The Perforce servers were… large. And backed by large, extremely expensive SANs that worked with RAM as backing store. Yet, it was slow as molasses at Google's scale.
I enjoy the patches the make mercurial usable without the crazy extensions that few of us will ever use.
I feel like I saw a good video in 2017 or so but cannot find much these days.
Edit: Why am I getting downvoted for asking a question?
We use multiple repos and we have a pretty large codebase consuming a TB a day.
1. Completely de-coupled code. I.e. teams ship libraries, like a 3rd part api. This slows down development considerably, and makes re-use of code harder.
2. Keep everyone on one repo, and allow to changes stream in.
1. Slows down dev. (it suddenly becomes more beourocratic), 2. requires scaling your code versioning tool (gir/mercurial, etc) and processes associated with it.
Also, single repos, make sense in one domain (e.g. server side, ios, android, etc...). You can have different repos for different 'domains' where code doesn't intersect with each other that much.
I've found this to be a feature of polyrepos because monorepos can easily become a rat's nest of dependencies. Polyrepos make you think harder about what should really be exposed and shared.
Allowing fine grained visibility at the level of a file, package, or artifact is better than at the granularity of a repo.
(And at least at Google visibility changes required the approval of the team who you want to depend on)
Having seen "a bunch of repos" in action, I think people don't talk enough about just how awful the experience can be, and how much more work it is to manage multiple repos. As you increase the number of repos, the pain gets worse at a rate which is faster than linear. There are plenty of articles talking about how wonderful a monorepo is, just not many articles about how bad multirepo is.
NPM hell is a close approximation of the multirepo experience. Try upgrading the dependencies in a large NPM project and you'll see all sorts of problems. You might find that upgrading X breaks Y, but you have to upgrade X in order to upgrade Z, and you need to upgrade Z for some reason.
With monorepo, all the versions march forward in sync. If you fix trunk, you will probably ship it, eventually. With multirepo, you need to fight the tooling just to show (from the example above) that a patch to Y will let you upgrade your project to use a newer version of Z.
Not to mention that Google internally avoids multiple repositories (and instead runs of a single monorepo) - it's just the android/chrome/public stuff that's mostly split up.
This thinking right here, sounds like a reason why Google retires a lot more services at much higher frequency compared to other companies?
In https://thehftguy.com/2019/12/10/why-products-are-shutdown-t..., the HFT guy brought up the "5 years upgrade pain" as the reason why a service would be retired, at the time when the pain from upkeeping outweights the gain from revenue.
By regularly making backward incompatible API change, as afforded by the monorepo, while also having engineers moving freely between projects, the upgrade pain cycle becomes way shorter for Google services.

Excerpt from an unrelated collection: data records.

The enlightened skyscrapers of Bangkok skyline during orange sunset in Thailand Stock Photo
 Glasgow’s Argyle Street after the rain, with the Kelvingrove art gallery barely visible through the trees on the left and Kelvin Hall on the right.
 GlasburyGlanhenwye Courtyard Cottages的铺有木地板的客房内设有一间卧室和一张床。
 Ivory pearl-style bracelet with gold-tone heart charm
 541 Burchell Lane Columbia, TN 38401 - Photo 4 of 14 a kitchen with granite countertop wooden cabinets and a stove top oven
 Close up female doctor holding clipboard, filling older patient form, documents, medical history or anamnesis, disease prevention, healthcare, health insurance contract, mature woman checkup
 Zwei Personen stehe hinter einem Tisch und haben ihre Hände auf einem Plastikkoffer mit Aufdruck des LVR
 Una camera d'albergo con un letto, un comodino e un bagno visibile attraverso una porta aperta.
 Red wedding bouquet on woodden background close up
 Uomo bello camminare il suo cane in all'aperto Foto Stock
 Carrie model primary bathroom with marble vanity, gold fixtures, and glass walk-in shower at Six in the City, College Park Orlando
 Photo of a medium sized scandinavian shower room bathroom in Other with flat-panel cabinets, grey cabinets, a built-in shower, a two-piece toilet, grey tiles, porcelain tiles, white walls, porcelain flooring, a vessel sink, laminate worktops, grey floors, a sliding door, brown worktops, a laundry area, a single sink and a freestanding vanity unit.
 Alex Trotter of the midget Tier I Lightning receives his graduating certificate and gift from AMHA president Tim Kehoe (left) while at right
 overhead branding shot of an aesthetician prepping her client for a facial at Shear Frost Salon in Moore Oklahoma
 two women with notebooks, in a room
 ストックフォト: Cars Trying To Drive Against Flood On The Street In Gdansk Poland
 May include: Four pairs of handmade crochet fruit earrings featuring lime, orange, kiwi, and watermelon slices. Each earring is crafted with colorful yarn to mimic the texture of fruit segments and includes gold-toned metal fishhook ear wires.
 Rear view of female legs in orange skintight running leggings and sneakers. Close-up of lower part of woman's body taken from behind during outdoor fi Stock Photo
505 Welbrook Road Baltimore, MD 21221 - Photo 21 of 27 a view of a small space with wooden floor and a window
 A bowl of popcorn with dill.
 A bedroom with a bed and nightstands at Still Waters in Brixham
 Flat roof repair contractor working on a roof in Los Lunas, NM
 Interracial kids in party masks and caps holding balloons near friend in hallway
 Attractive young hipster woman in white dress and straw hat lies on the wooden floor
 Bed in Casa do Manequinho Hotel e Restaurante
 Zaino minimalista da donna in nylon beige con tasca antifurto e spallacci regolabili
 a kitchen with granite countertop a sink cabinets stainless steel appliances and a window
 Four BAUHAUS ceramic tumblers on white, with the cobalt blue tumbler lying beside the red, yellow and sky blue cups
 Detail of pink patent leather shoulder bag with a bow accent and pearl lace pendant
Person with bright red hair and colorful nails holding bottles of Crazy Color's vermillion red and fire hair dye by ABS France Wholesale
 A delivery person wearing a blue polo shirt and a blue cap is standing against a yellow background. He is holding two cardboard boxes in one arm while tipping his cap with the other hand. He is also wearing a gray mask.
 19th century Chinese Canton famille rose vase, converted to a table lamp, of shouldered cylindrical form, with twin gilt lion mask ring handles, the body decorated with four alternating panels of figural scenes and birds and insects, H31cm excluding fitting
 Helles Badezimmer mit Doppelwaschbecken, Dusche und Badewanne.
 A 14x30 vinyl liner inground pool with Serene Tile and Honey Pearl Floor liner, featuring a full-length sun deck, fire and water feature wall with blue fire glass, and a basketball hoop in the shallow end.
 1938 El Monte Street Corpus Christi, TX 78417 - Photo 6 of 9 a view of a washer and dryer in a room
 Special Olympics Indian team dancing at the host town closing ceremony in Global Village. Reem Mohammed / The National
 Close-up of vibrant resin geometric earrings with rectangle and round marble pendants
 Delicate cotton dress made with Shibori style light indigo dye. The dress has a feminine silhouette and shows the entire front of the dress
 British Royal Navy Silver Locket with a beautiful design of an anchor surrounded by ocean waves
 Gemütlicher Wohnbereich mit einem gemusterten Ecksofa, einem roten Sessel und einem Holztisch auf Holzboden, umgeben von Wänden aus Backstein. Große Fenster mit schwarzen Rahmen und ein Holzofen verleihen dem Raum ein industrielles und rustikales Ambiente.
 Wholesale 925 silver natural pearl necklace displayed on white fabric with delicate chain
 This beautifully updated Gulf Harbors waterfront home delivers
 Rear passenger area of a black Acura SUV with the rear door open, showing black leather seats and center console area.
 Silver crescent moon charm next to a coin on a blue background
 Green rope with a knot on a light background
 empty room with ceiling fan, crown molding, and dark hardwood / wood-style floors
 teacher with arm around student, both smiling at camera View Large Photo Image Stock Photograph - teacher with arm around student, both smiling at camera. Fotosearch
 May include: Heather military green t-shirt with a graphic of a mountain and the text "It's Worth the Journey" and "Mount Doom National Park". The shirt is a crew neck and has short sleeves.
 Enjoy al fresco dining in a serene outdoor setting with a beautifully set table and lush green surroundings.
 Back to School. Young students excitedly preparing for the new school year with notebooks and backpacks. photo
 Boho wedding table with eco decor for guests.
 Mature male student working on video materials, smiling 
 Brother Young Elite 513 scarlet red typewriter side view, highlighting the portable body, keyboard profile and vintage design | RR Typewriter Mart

By the way, this line of thought also leaks into public facing source code, with guava being the poster child of breaking backward compatibility, althought it has learned its lesson starting with version 21.
Of course Google, Facebook etc have given back a lot to OSS. Just not extemporaneously to when they received the value. It may be years until the internal rebuild of something some guy copied from somewhere is rereleased.
Git was designed for OSS. That includes its radically transparent form of development. Then again with submodules you can easily vendor your private stuff, rather than doing things the other way around.
They do vendor, but that's for security and efficiency reasons mostly, not to avoid giving back.